While on pretrial release, Rockcoons’ business model apparently shifted to fraud. He began promoting a real estate venture, “Bitcointopia,” which he described as a place in the Nevada desert where bitcoin would be “legal tender.” Rockcoons promoted the development on the Internet and social media, advertising 500- to 1000-acre parcels for .5 bitcoin per acre (or about $4,222 per acre in U.S. dollars). He did not own the land he claimed to be selling (federal authorities stated all he owned were two non-contiguous lots in the area, totaling less than 5 acres), and at least 10 individuals were apparently victimized by the fraud. Rockcoons was arrested again on October 29, 2018, and the government filed a superseding indictment incorporating the additional fraud charges on the same day.

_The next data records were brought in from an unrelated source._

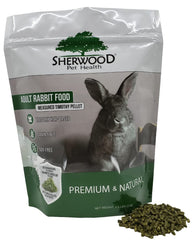 Sherwood Pet Health : lapin mange granulés au foin Timothy dans son bol, repas naturel.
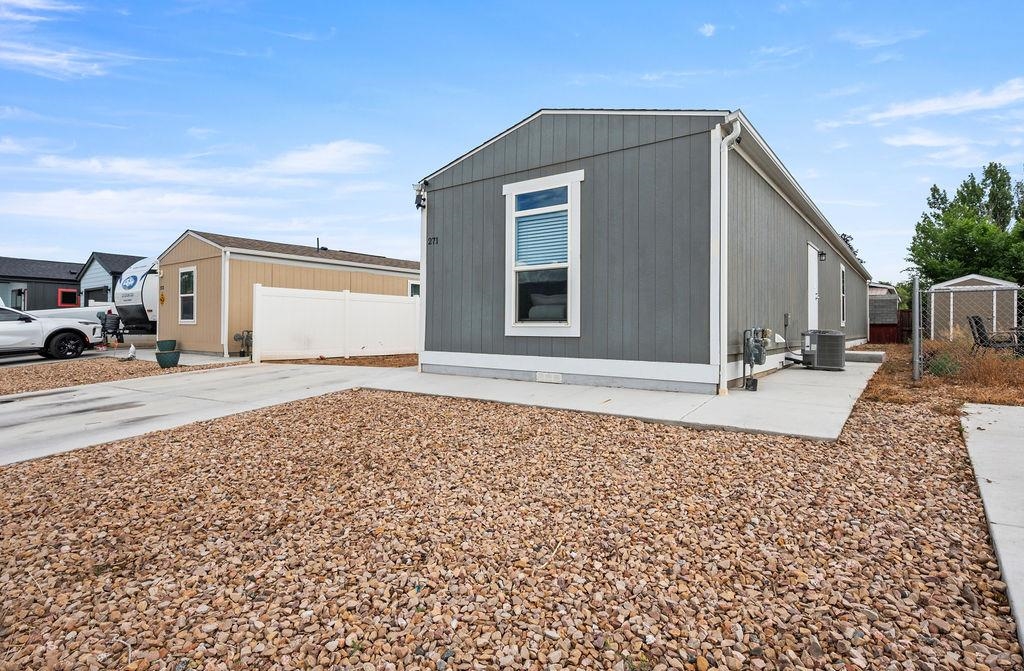 271 Clements Way Fruita, CO 81521 - Photo 24 of 26 a front view of a house with a yard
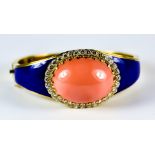 A Coral, Diamond and Enamel Stiff Bracelet, Modern, 18ct gold set with a centre cabochon coral, 20mm
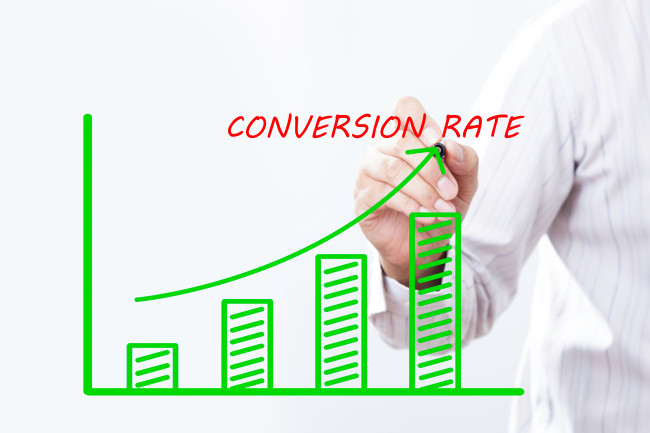 A man draws a graph with an upward arrow signifying an increase in conversion 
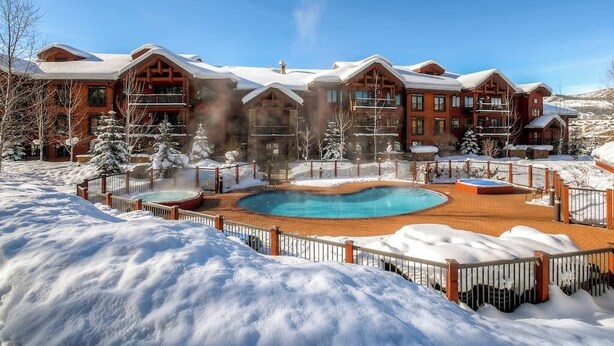 Ein großes Chalet mit Schwimmbad, umgeben von Schnee.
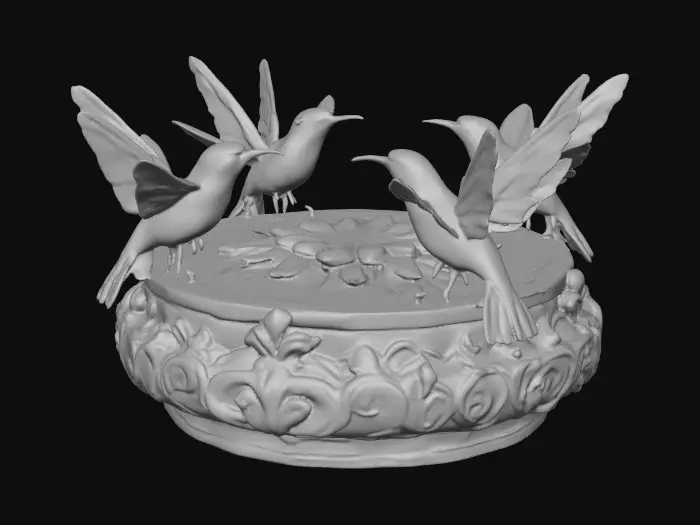 3D model for 3 hummingbirds form a circular pedestal.  Extremely detailed carved elaborately embossed hummingbirds pedestal sitting on a round base. Masterpiece of art. Iridescencent ivory with 14 gold highlights. Hummingbird decor in colors of 14k gold, ab dark aqua/ab purple/ab green, and iridescent rosy pink. A masterpiece of art nuevo detailed and highly embossed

The sentencing of Rockcoons follows recent activity relating to the regulation of virtual currency businesses by FinCEN. On April 18, 2019, FinCEN announced an enforcement action against peer-to-peer virtual currency exchanger Eric Powers. As we noted in our April 26, 2019 Client Alert, FinCEN’s enforcement action against Powers was its first such action against a peer-to-peer virtual currency exchanger for BSA violations. On May 9, 2019, FinCEN issued a Guidance concerning the application of the BSA to convertible virtual currency businesses. The same day, FinCEN also issued an Advisory to assist financial institutions in identifying and reporting suspicious activity associated with convertible virtual currencies. As we noted in our May 21 Client Alert, these developments confirm that FinCEN views certain convertible virtual currency activities as vulnerable to exploitation by criminals and other bad actors, and market participants should remain cognizant of these developments as they evaluate their risk profiles and BSA obligations.
1 FIN-2013-G001, “Application of FinCEN’s Regulations to Persons Administering, Exchanging, or Using Virtual Currencies” (Mar. 18, 2013).
Because of the generality of this update, the information provided herein may not be applicable in all situations and should not be acted upon without specific legal advice based on particular situations.